On this day in 1831, an enslaved Baptist preacher named Samuel Sharpe led the largest slave rebellion in Jamaica, and one of the largest in history.

Known variously as the Baptist War, the Christmas Uprising and the Great Jamaican Slave Revolt, it mobilized as many as 60,000 of Jamaica’s 300,000 slaves. It was initially begun as a peaceful protest, with slaves refusing to work during the crucial and often brutal surar harvest until they were treated better and paid at least half the average wage. Sharpe and his followers believed that a general strike alone would achieve their goals, envisioning violence only as a last, defensive resort.

Unfortunately, like slave owners across time, Jamaican landowners were not forgiving of this challenge, and immediately used violence to end the strike. The subsequent eleven-day conflict resulted in the deaths of fourteen whites and over 200 black slaves. Hundreds more were killed after the rebellion ended in “various extrajudicial killings”, often over minor or trumped up offenses.

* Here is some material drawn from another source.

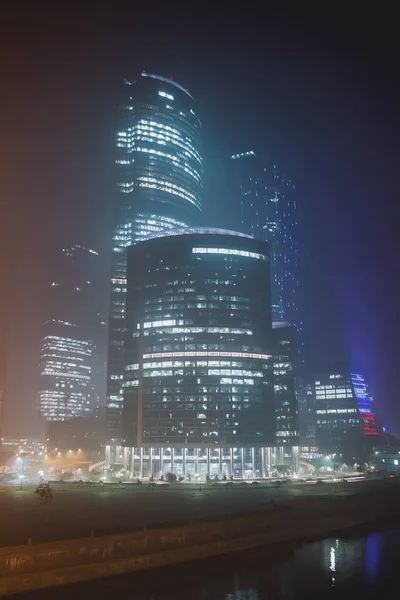 The Moscow International Business Center during strong smog — Stock Photo, Image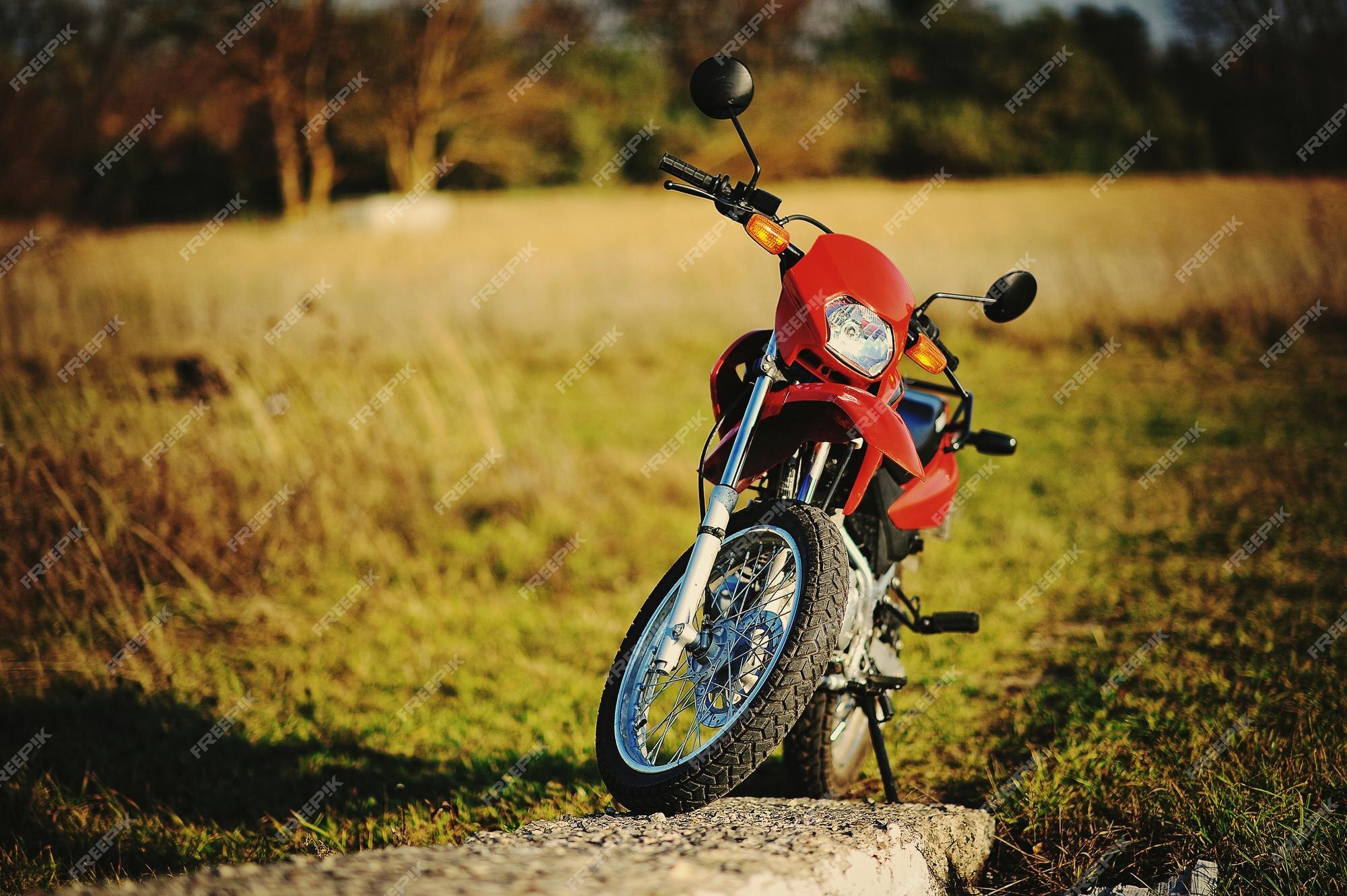 Moto esportiva parada na montanha com por do sol de fundo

Just before Sharpe was hanged for his role, he said in his last words: “I would rather die among yonder gallows, than live in slavery.” Though he and many of his followers did not live to see their goals achieved, the scale of the rebellion and the subsequently severe reprisals afterward are believed to have spurred Parliament to pass the Slavery Abolition Act a year later, with the final abolition of slavery across the British Empire in 1838.

Samuel Sharpe was officially proclaimed a National Hero of Jamaica in 1975, and is featured on the $50 of the Jamaican dollar.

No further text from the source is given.